> _What the exercise asks_
Give again, word for word, each line of the data from the first through the one containing "Raro Whisky The". Pictures stay out.

> _Record excerpts_
BEGIN

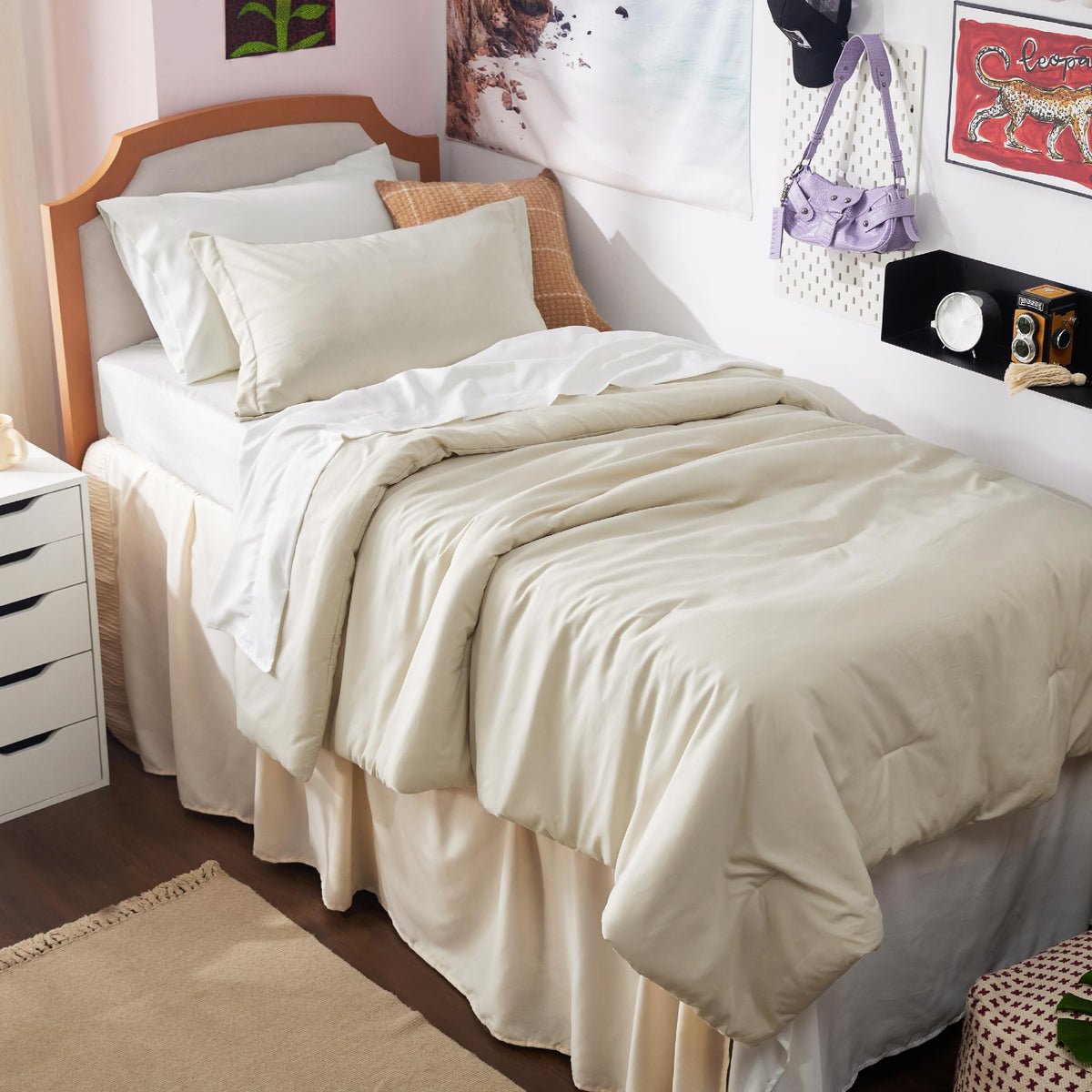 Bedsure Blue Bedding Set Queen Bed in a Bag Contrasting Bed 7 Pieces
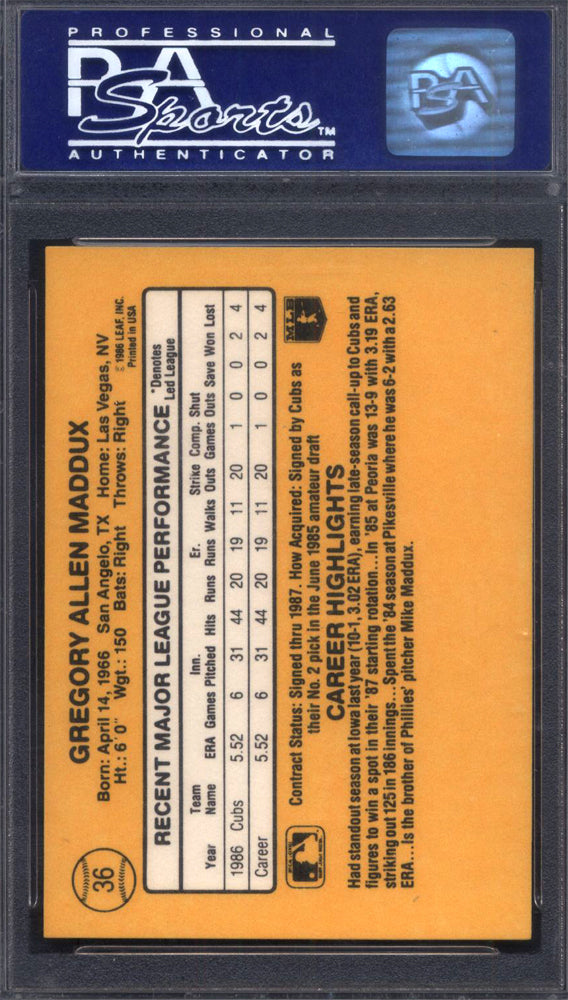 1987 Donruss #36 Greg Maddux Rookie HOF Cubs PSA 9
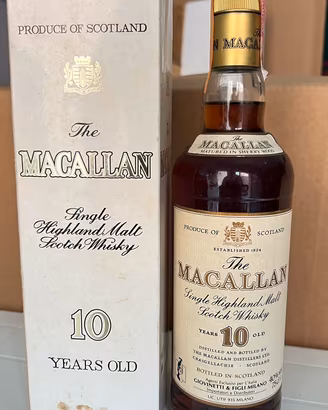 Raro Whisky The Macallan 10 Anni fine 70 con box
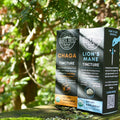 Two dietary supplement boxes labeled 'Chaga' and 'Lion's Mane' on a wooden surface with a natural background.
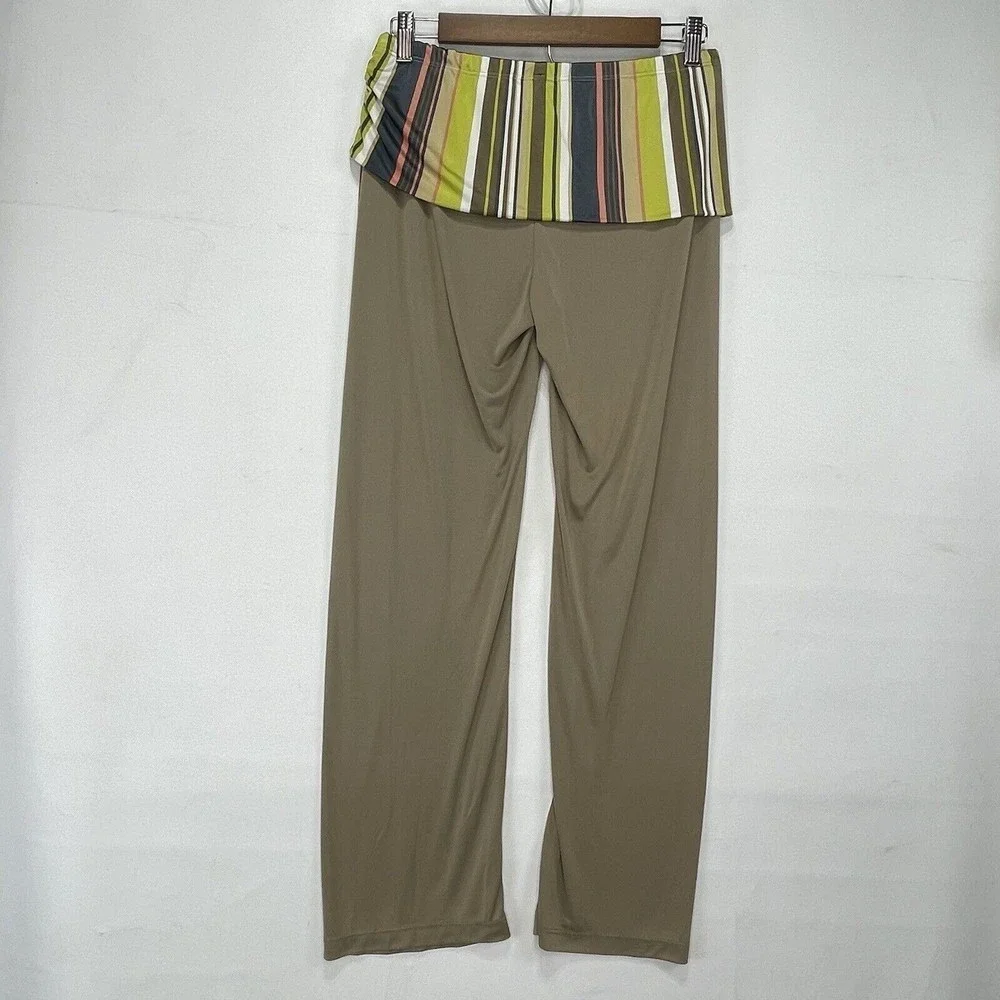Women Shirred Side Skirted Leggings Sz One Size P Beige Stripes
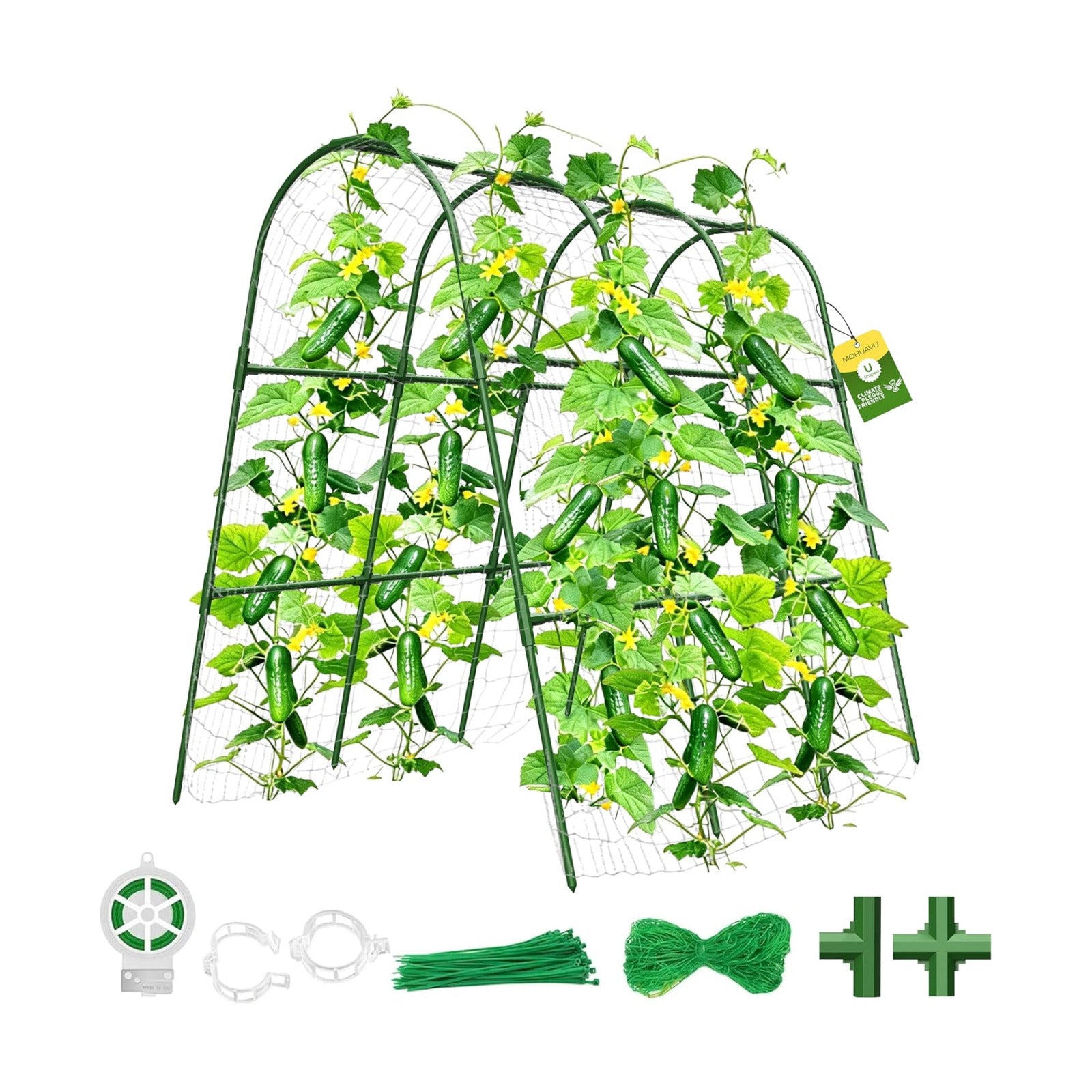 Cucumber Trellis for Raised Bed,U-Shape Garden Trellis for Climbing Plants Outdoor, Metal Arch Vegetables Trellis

END

> _Exercise response_
 Bedsure Blue Bedding Set Queen Bed in a Bag Contrasting Bed 7 Pieces
 1987 Donruss #36 Greg Maddux Rookie HOF Cubs PSA 9
 Raro Whisky The Macallan 10 Anni fine 70 con box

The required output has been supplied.